5. Impact on Small Businesses or Other Small Entities

The information being requested from voluntary reporters on Form FDA 3500 or Form FDA 3500B or required of mandatory reporters on Form FDA 3500A has been held to the absolute minimum required for the intended use of the data. The data collected in each form is essentially the content requested in 1993 when the two forms were created. This data has been modified or supplemented only based on requirements secondary to new federal law and the final published rules and regulations that were implemented to carry out those mandates.

FDA believes that its duty requires the equal application of the regulations to all enterprises. While FDA does not believe it can apply different standards with respect to statutory requirements, the Agency does provide special help to small businesses (e.g. through the CDER Small Business and Industry Assistance program http://www.fda.gov/Drugs/DevelopmentApprovalProcess/SmallBusinessAssistance/)

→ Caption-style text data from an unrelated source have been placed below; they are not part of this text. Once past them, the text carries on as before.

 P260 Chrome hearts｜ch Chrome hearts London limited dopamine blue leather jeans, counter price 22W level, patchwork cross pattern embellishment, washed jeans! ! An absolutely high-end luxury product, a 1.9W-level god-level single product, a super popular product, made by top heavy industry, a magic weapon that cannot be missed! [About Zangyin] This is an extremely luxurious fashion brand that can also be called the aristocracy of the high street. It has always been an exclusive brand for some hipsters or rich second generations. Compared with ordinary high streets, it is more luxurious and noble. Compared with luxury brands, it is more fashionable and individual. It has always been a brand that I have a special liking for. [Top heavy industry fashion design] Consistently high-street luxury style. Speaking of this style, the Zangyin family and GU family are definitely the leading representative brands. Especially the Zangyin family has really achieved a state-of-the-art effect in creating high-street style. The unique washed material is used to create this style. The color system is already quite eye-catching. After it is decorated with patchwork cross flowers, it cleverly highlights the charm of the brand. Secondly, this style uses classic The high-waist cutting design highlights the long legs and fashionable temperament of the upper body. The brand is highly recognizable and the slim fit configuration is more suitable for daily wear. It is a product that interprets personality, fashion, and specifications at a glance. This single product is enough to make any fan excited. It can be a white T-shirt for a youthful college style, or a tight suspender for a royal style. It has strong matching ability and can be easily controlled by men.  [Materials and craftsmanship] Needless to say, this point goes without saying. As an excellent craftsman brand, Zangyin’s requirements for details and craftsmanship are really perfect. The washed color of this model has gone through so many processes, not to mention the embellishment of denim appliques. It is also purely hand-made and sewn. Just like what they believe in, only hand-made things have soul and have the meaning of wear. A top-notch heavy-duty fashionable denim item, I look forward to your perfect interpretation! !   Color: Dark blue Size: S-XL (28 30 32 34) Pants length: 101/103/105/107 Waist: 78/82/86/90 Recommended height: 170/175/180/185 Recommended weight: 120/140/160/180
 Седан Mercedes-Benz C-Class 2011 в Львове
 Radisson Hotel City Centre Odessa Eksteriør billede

6. Consequences of Collecting the Information Less Frequently

Voluntary reporting is done by consumers/patients and their healthcare professionals on an ad hoc basis and not at any suggested or required frequency. FDA encourages voluntary reporters to identify and report suspected serious adverse events in a timely fashion after experiencing or observing the event. Less frequent data collection would delay identification of products responsible for adverse reactions, including fatalities and permanent injuries. Appropriate FDA action, such as changes in labeling, implementation of a Risk Evaluation and Mitigation Strategy (REMS) or product corrections and withdrawal from the market, would be delayed by less frequent reporting.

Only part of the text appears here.